Thanks for following this coverage of Asia's markets. Here's a CATCHUP of where we are just now:
  • Markets across Asia have opened sharply lower after the record plunge in U.S. stocks on Monday
  • Japan's Nikkei 225 is currently down 4.5%, the Topix index down 4.4%
  • Australia's S&P/ASX 200 is down 2.6%
  • Over in South Korea, the benchmark Kospi is trading down 2.5%, while the Kosdaq is 4.2% lower
  • Markets in China and Hong Kong open in less then 30 minutes -- and look likely to also open sharply lower
Stocks aren't the only area where we're seeing carnage, good ole' Bitcoin has taken a serious bath, and is falling for a sixth session as the Asian day gets under way.

Backlash from regulators and accusations it's a speculative bubble are taking their toll. Like with equities, analysts aren't putting the move down to fundamentals, per se. Lucas Nuzzi, a senior analyst at Digital Asset Research, says:
"All that it took this time was a large lot of sell orders."
While Bitcoin is often compared with gold as a store of value, it sure hasn't behaved that way so far this year. Take a look at how it's done compared with spot gold (hint: gold is the one that's the straight line):
What did they know? As this rout was brewing last week, Chinese regulators were urging brokerages to ask investors with stock pledges to add to their collateral when shares slump below critical levels instead of closing out -- this is a way of softening the impact of any selloff.

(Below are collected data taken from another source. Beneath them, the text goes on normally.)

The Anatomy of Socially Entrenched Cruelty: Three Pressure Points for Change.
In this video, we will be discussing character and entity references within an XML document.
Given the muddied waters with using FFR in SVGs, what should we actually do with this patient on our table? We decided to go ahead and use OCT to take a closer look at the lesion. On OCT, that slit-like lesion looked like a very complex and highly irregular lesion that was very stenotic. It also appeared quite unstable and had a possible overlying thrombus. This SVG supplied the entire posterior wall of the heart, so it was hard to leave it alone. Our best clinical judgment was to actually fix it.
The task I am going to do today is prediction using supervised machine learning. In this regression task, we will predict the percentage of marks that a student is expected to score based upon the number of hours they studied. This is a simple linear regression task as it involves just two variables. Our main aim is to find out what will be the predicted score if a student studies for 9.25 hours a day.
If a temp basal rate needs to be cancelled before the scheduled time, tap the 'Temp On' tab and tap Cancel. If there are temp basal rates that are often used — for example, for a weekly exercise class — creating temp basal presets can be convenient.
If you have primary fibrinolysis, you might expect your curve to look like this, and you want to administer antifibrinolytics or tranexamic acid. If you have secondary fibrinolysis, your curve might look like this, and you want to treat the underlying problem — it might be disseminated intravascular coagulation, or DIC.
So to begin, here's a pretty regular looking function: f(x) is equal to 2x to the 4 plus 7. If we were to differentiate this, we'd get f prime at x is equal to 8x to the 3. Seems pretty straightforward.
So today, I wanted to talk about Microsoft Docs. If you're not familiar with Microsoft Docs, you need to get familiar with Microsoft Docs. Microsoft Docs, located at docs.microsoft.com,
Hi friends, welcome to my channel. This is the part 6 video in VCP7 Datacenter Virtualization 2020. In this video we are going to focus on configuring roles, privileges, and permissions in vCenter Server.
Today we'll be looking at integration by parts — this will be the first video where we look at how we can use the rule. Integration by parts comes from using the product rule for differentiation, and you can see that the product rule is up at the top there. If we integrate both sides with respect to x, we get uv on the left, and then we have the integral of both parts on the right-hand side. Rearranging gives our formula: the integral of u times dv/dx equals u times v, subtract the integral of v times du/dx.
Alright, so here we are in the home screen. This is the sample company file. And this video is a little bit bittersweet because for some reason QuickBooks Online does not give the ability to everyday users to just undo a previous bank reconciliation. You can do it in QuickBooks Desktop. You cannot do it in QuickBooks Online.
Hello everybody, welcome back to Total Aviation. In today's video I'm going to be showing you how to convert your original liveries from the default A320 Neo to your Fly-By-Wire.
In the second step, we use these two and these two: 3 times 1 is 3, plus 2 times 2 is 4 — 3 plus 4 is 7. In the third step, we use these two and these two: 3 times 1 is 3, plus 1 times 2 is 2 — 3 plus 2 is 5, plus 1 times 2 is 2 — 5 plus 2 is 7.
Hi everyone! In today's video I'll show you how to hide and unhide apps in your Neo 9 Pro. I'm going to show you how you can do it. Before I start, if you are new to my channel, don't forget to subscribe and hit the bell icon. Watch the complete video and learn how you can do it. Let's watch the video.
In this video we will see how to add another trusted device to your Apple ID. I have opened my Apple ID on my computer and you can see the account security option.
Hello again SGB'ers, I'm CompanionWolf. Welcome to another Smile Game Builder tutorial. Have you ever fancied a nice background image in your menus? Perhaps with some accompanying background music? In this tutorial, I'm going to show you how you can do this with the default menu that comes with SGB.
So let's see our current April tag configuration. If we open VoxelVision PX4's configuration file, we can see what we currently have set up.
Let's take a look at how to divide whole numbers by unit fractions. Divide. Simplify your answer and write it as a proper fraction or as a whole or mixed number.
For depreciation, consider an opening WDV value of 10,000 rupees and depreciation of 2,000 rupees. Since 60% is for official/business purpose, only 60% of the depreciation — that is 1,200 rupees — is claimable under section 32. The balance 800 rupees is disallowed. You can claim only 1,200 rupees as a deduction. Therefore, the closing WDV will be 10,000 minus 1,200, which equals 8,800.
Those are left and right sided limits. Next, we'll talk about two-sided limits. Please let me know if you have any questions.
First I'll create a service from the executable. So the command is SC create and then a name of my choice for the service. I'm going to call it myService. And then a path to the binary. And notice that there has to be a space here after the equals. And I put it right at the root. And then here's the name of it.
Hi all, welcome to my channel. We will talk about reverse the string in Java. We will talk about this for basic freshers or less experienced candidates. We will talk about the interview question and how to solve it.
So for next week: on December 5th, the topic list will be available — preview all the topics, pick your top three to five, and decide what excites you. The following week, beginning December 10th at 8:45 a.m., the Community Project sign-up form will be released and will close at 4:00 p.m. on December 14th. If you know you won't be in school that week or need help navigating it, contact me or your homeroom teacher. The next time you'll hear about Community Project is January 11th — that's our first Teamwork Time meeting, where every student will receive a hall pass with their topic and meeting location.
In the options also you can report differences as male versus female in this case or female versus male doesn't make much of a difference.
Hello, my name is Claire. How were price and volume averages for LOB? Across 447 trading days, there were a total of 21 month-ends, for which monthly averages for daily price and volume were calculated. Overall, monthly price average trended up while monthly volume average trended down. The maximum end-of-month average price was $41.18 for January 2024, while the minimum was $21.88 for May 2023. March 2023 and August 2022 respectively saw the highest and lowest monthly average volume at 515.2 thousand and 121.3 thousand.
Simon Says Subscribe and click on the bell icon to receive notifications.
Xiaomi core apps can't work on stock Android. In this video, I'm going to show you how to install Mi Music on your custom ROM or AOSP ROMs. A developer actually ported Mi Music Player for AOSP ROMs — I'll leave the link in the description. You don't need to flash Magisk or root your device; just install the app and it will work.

It'll be interesting to see if this cushions the blow in mainland markets (which open in about 15 mins) and if the so-called national team -- state-backed Chinese funds called on to even out losses in times of market turmoil -- are active there today.

Mainland-traded stocks can also only fall a maximum 10 percent.
Chinese stock futures are sliding --- those on the Hang Seng, Hang Seng China Enterprises Index and the FTSE China are down more than 1.7 percent as we count down to the opens in Hong Kong and Shanghai (in about 10 minutes)
The Hang Seng China Enterprises Index --- this is the gauge of Chinese stocks listed in Hong Kong -- is down 4.5 percent in pre-market trading. It's particularly outperformed this year, racking up an improbable 19-day rally in the second half of January that brought it to its highest point since 2015.
Hong Kong and Chinese markets are now officially open -- and traders are probably wishing it was the Chinese New Year holiday already. Indexes including the Hang Seng and the Shanghai Composite are falling more than 1.5 percent.
Some interesting moves in the bond market today. After basking in the glow of gains as equity traders scrambled overnight, 10-year Treasury notes are falling a tad right now -- pretty understandable after a 14 basis-point drop in yields from a four-year high in the Monday session.

This revival in the bond safe-haven trade is consolation for debt-market bulls, who have been battered by expectations for a pick up in global growth and inflation, as well as the strong equity run.